Pengasuh pondok pesantren Banyuanyar Timur, Pamekasan itu menyatakan, para ulama perlu mengirim surat secara langsung ke Presiden dan Pimpinan DPR RI, karena rekomendasi yang disampaikan Komnas HAM dinilai akan merugikan umat Islam, jika nantinya benar-benar dilaksanakan.
Hal mendasar yang menjadi sorotan pada ulama adalah rekomendasi pernikahan Komnas HAM agar menghapus undang-undang yang mengatur pelarangan nikah beda agama dan guru agama dari pemeluk agama yang sama di lembaga pendidikan. "Jika rekomendasi ini diberlakukan, bisa merusak moral dan akidah umat Islam yang ada di Indonesia ini," ucap Rofi'i.
Oleh karena itu, sambung dia, para ulama se-Madura sepakat menolak lima rekomendasi Komnas HAM tersebut, dan meminta Presiden dan pimpinan DPR RI tidak melaksanakan rekomendasi yang menurutnya merugikan umat Islam dan bisa mengancam kerukunan umat beragama.
Lima rekomendasi yang disampaikan Komnas HAM belum lama ini menyebutkan, pertama, menghapus larangan beda agama, sebagaimana diatur dalam Undang-Undang Nomor 1 Tahun 1974 tentang Perkawinan.
Bassra menilai, rekomendasi ini akan merusak norma-norma agama, khususnya umat Islam, karena pernikahan beda agama jelas dilarang dalam Islam.

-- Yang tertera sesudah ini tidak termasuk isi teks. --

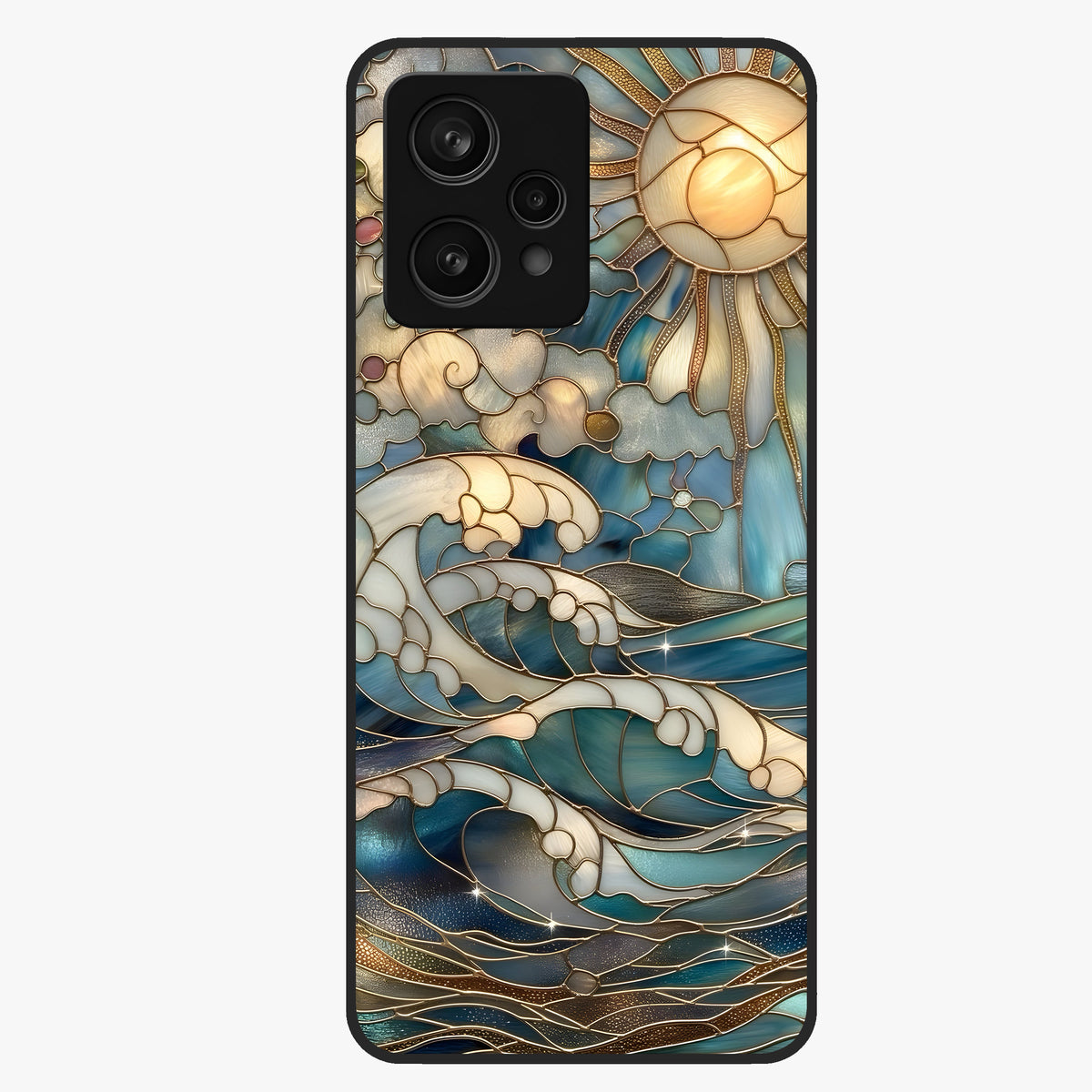 Oceanic Stained Printed Glass Case showing flat back view with ocean inspired stained pattern artwork and glossy glass finish.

Kedua, komisi ini merekomendasikan agar agar pencantuman agama dalam berbagai atribut kependudukan termasuk dalam Kartu Tanda Penduduk (KTP) dan Kartu Keluarga (KK) sebagaimana diatur dalam Undang-Undang Nomor 23 Tahun 2006 hendaknya dihapus.
Rekomendasi ketiga, menyoal tentang Undang-Undang Nomor 1 PNPS Tahun 1965 tentang Perlindungan Agama dari Penodaan karena dianggap membatasi kebebasan beragama warga negara dengan mencap sesat orang yang berbeda keyakinan dengan kelompok mayoritas.
Para ulama Madura berpendapat, jika undang-undang ini dihapus, maka nantinya kemurnian agama bisa ternodai dengan alasan karena adanya kebebasan dalam menjalankan agama yang keyakinannya masing-masing.
Rekomendasi keempat Komnas HAM yang juga ditolak para ulama di Madura ini adalah tentang Surat Keputusan Bersama (SKB) Menteri Agama dan Menteri Dalam Negeri No 9 Tahun 2006 (yang populer disebut SKB 2 Menteri).
Menurut rekomendasi tersebut SKB 2 Menteri itu menghambat kebebasan mendirikan rumah ibadah di kalangan kelompok minoritas, seperti yang terjadi pada kasus gereja GKI Yasmin Bogor.
Sementara, rekomendasi kelima, Komnas HAM menginginkan Undang-Undang Nomor 20 Tahun 2003 tentang Pendidikan yang mengharuskan peserta didik mendapatkan pelajaran agama dan guru agama yang beragama sama hendaknya dihapus.
"Ini kan Komnas HAM terkesan tidak peduli dengan pendidikan agama yang perlu ditanamkan kepada anak didik kita," kata ulama lain dari kabupaten Sampang, KH Achmad Dhofir Syah.